We can always add more variables, interactions, non-linear terms, and so forth to get a more accurate model, but this comes at the cost of parsimony. Ultimately, this would lead to us simply throwing up our hands and saying "everybody is different." We knew that already. Our goal is to see if a substantial part of the observed variation in outcome can be explained by a minimal set of predictors, in theoretically expected (or sometimes unexpected) ways.

---

##  How to choose a model

.pull-left[
### Do Nots
- **Do not** choose a model based on all of the coefficients being statistically significant. That is a misuse of statistical inference based on an incorrect interpretation of a p-value.
- **Do not** choose a model because it produces the results you like the best. That is not science. 
- **Do not** choose a model based on some purely mechanical algorithm. Model choice needs to be driven by what questions you want to ask as much as goodness of fit and parsimony.
- **Do not** choose a model based on `$R^2$` values. An additional variable will make the `$R^2$` value somewhat better, so there is no end to the complexity of the model you fit. 
]

.pull-right[
### Good Practices
- **Do** think theoretically about what is the best model for the question at hand.
- **Do** make use of model selection tools to help make a decision, but not in a mechanistic way. Use multiple tools. 
- **Do** conduct and report sensitivity analyses showing how dependent your result is upon the selected model vs. other models. 
- **Do** weigh both parsimony and accuracy, relative to the goals of your research question.
]

???

Maybe the control variable needs to be in there because prior work or theory says its important, regardless of what the model fit statistics say. Perhaps interactions need to be in the model because your key interest is in intersectionality. And so on. 
---

##  Model selection tools

- The F-Test
- Adjusted `$R^2$`
- Bayesian Information Criterion (BIC)
- Bayesian Model Averaging (BMA)

---

##  Null vs. saturated model

Many model selection tools utilize a distinction between the **null model** and the **saturated model**.

`$$\hat{y}_i=\bar{y}$$`

The null model is the regression model with no predictors. This model is the most parsimonious, but the least accurate.
]

.pull-right[
### Saturated model
`$$\hat{y}_i=\beta_0+\beta_1x_{i1}+\beta_2x_{i2}+\ldots+\beta_px_{ip}$$`
Where,
`$$n=p$$`
The saturated model is a hypothetical model in which the number of predictors equals the number of observations and we fit each `$y_i$` exactly. This model is the most accurate with `$R^2=1$`, but the least parsimonious. 
]

---

##  The F-Test

The F-test is a classical hypothesis test for comparing two different models in which one model is nested within the other. This means that the second model includes all of the same independent variables as model 1 as well as an additional `$g$` independent variables. The null hypothesis for the F-test is that the effects for all of the additional `$g$` variables are zero.

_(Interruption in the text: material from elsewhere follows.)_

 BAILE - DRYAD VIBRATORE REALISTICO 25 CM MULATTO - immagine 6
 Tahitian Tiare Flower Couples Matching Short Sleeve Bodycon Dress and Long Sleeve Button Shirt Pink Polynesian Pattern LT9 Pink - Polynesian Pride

The F-test produces a test statistic called the **F-statistic**:

`$$F=\frac{(SSR_1-SSR_2)/g}{SSR_2/(n-g-k-1)}$$`
Where `$SSR$` is the sum of squared residuals for a given model, `$g$` is the additional terms added to the second model, and `$k$` is the number of terms in the first model. The F-statistic is a ratio of the mean amount of variation explained by the new predictors in the second model (numerator) by the mean amount of variation unexplained per degree of freedom in the second model (denominator).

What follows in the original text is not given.